REQUIRED WORK - What lines below include the string "Mercedes"? Pick them out and copy them.

BEGIN

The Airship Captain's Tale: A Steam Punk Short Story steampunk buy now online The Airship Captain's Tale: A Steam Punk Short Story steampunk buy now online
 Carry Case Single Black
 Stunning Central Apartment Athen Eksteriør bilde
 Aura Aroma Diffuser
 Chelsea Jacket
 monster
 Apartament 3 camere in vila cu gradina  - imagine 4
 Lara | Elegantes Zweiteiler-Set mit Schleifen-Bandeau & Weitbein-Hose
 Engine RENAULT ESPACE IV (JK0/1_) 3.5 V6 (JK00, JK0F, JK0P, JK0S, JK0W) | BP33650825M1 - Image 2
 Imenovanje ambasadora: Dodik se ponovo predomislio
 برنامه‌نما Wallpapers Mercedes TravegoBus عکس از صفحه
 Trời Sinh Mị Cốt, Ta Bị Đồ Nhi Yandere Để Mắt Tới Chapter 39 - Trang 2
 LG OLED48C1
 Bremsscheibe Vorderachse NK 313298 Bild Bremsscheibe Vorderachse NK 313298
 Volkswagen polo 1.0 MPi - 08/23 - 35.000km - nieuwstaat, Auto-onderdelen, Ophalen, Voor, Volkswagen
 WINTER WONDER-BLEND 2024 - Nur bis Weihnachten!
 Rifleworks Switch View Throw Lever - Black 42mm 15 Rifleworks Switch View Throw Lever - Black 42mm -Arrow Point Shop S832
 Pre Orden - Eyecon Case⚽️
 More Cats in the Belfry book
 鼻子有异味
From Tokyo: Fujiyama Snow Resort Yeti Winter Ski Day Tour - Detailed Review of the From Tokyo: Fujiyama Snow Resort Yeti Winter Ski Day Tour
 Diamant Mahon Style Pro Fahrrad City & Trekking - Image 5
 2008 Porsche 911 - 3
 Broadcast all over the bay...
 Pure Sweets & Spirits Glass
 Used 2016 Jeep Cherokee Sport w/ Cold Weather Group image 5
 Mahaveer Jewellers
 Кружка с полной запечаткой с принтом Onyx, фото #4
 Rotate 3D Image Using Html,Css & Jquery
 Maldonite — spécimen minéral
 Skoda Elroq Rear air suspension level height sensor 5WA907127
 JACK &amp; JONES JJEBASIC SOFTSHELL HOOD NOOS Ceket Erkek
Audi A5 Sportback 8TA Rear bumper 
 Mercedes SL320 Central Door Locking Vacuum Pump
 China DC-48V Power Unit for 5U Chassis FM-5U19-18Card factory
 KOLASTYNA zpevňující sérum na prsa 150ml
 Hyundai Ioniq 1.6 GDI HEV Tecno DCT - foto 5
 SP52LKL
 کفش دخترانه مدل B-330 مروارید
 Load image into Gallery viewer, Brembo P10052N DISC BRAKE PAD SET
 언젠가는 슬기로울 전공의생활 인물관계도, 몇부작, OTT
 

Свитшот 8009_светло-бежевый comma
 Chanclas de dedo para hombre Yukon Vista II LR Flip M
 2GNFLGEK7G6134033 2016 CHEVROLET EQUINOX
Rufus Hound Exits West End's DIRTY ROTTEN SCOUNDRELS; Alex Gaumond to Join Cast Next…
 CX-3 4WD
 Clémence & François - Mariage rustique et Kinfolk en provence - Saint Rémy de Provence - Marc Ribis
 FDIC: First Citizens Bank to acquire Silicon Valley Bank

END

YOUR RESPONSE -
 برنامه‌نما Wallpapers Mercedes TravegoBus عکس از صفحه
 Mercedes SL320 Central Door Locking Vacuum Pump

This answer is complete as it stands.